Eastern White Pine (Pinus strobus) is a native evergreen tree that once covered much of northeastern North America. It has a long and fascinating history and continues to thrive in wooded areas around Medford, throughout New England forests and beyond.
White pine is a very fast-growing tree that often reaches heights of 80 to 100 feet. (By comparison, a typical three-story home might be around 40 feet in height.) Typically, they have straight trunks, with symmetrical, horizontal branches and uplifted tips. Needles grow in bundles of five, are green to bluish-green, soft and pliable.
White pines have both male and female cones. The male cones are very small, and in spring produce pollen that is yellow, powdery, and often shows up on our cars, walkways, outdoor furniture, etc. After the male cones release their pollen to fertilize the female cones, the male cones drop from the tree and look a lot like “Rice Krispies”. The female cones persist and eventually produce seeds, which are released and dispersed by wind. The seeds provide important food for native wildlife.
Native Americans are said to have called white pine the “Tree of Peace”. Legend says that an Iroquois leader invoked white pine as a symbol for unification of five tribes, in reference to its 5-needle bundles, and in diplomacy toward Westerners.
White pine played a huge but often unrecognized role in the American Revolution. Colonists revered these magnificent trees, which provided lumber to build ships, homes, barns, fences, furniture, tools and other necessities. Also, the trade value of white pine to Europe was only surpassed by the fur trade. So, when the colonies began to mint coins, white pine was chosen to be one of the earliest emblems, from 1667 to 1682.

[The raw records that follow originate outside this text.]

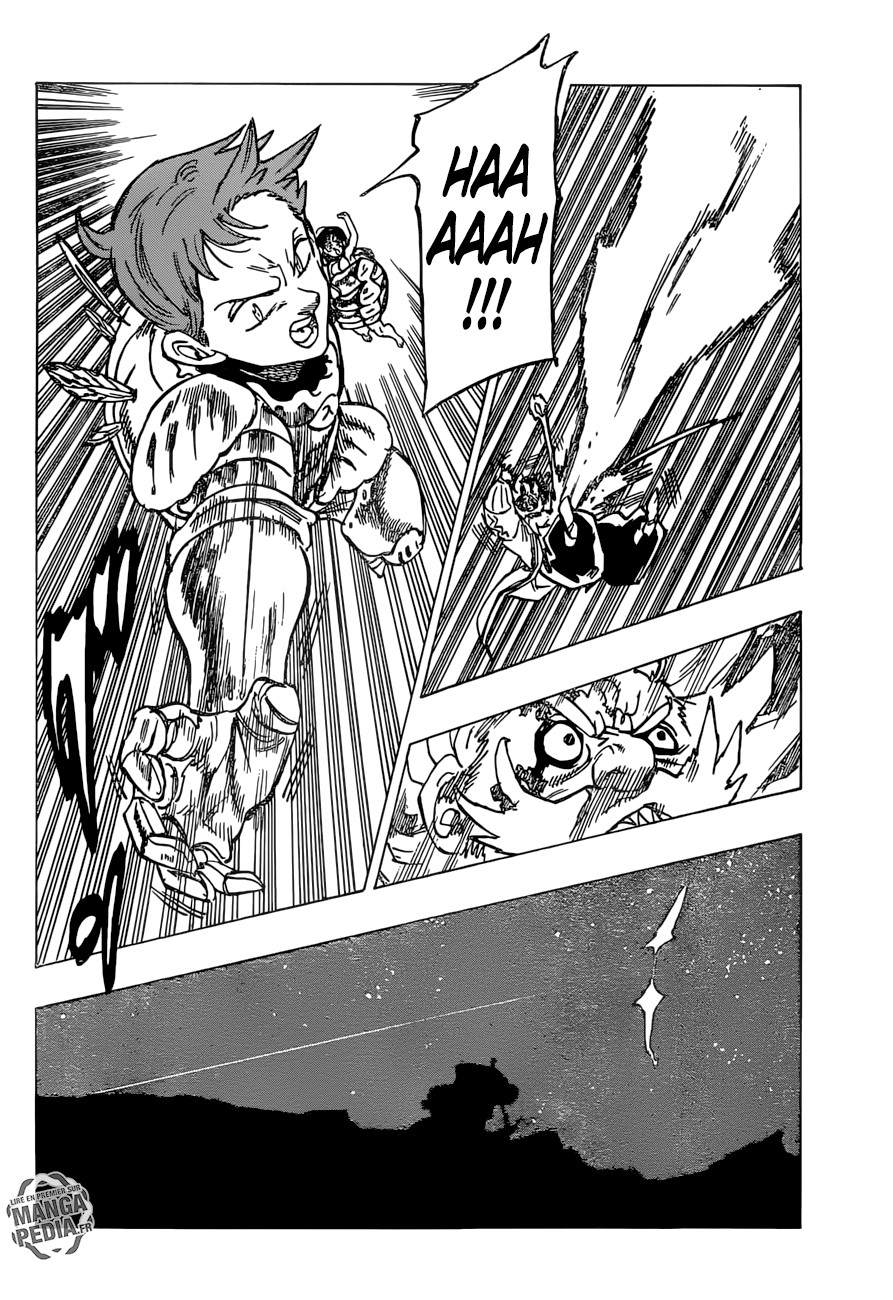Nanatsu no Taizai: Chapter chapitre-238 - Page 6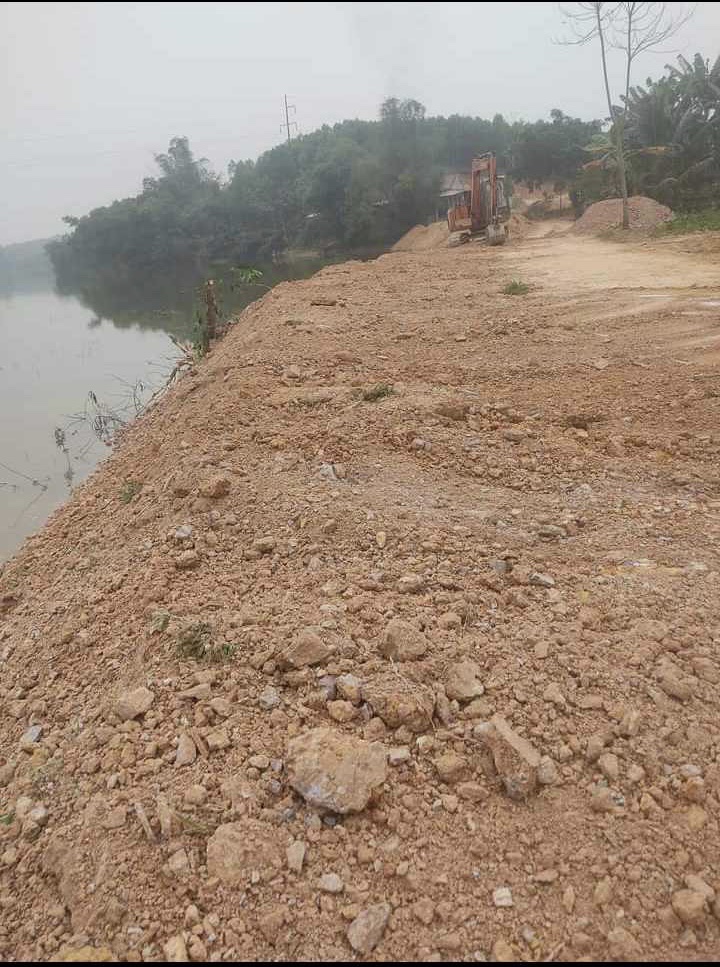 làm đường 5.jpg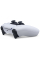 Ігрова консоль Sony PlayStation 5 Ultra HD Blu-Ray (2 Геймпада Dualsense)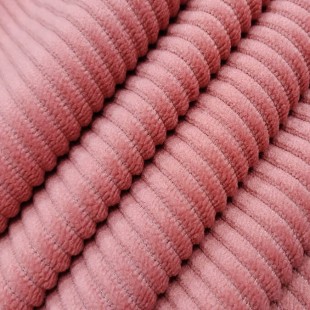recycled corduroy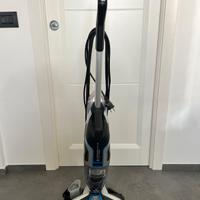 Bissell Crosswave Pet Pro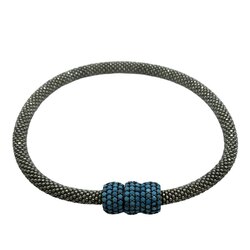 Magic Turqoise Bracelet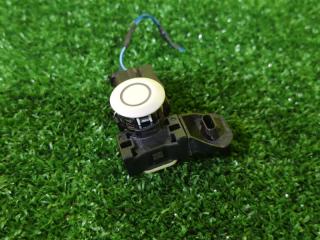 Датчик парктроника передний TOYOTA TANK M900A 89341B2020 2 ракурс
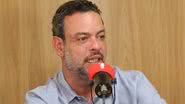 Devid Santana / BNEWS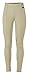 Kerrits Kids Flex Tight II Full Seat Tight Tan Size: Medium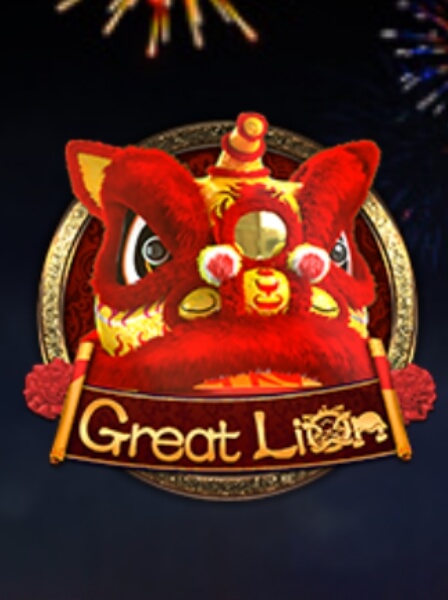 Top 10 Slot Games on LuckyStar Casino Right Now
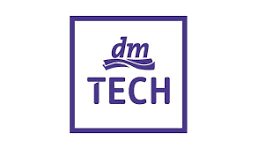 Dmtech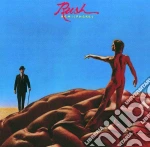 (LP Vinile) Rush - Hemispheres 40Th Anniversary (3 Lp) vinile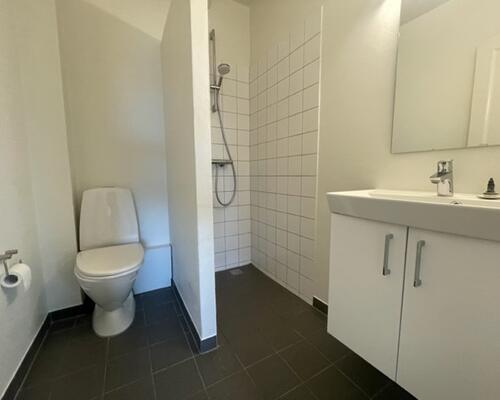 3 værelses lejlighed i Esbjerg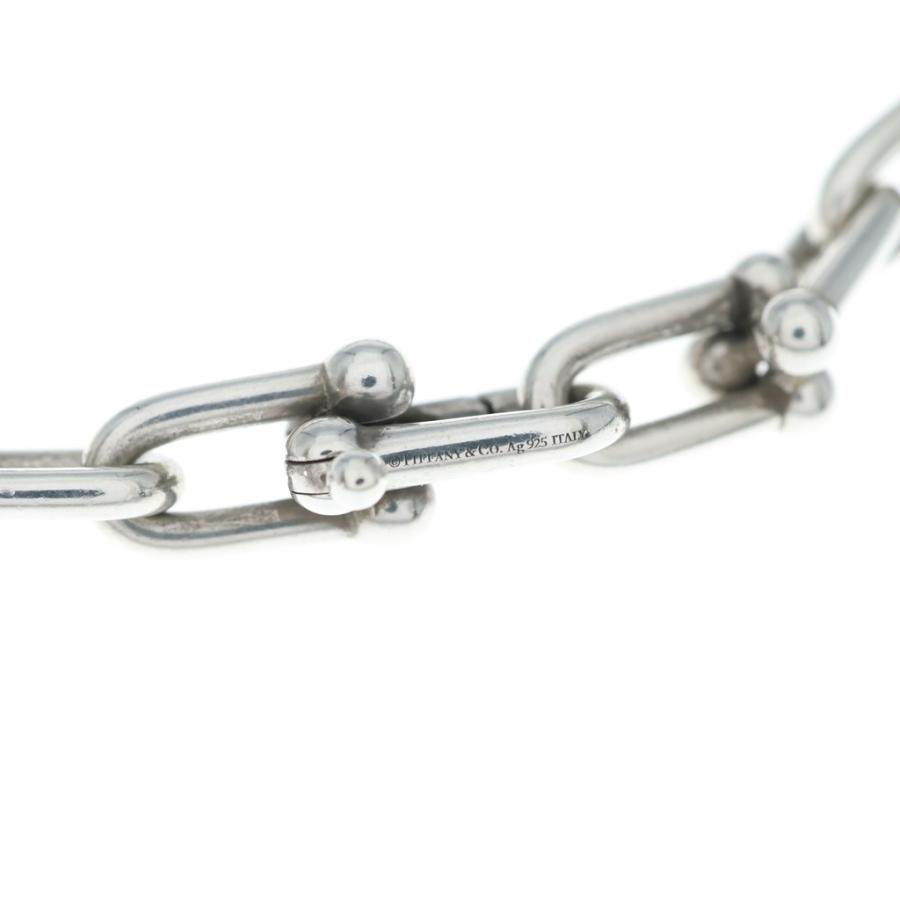 TIFFANY&Co.（ティファニー） TIFFANY & Co. ハードウェア ミディアム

The tall, broad, straight, sturdy but flexible trunks of white pine were irresistible to the British, which at that time had no forests left and coveted “mast pines” for Royal British Navy ships. The king declared ownership of all pines in America over 24 inches in diameter, making it illegal for the colonists to harvest trees of that size, even on their own property. Special teams were sent from England to mark “the King’s trees”, which were harvested and sent by barges back to England. This, of course, did not go over well with the colonists. In 1772, colonists staged the “Pine Tree Riot”, which was an act of rebellion against the British, laying groundwork leading up to the American Revolution shortly thereafter.
The Eastern White Pine in the photo grows above a wall of the parking lot at Medford High School, below the athletic fields. It’s worth a walk or a ride up the hill for a “bird’s eye view” of the tree, with a very pleasant perspective of MHS and the Boston skyline in the distance.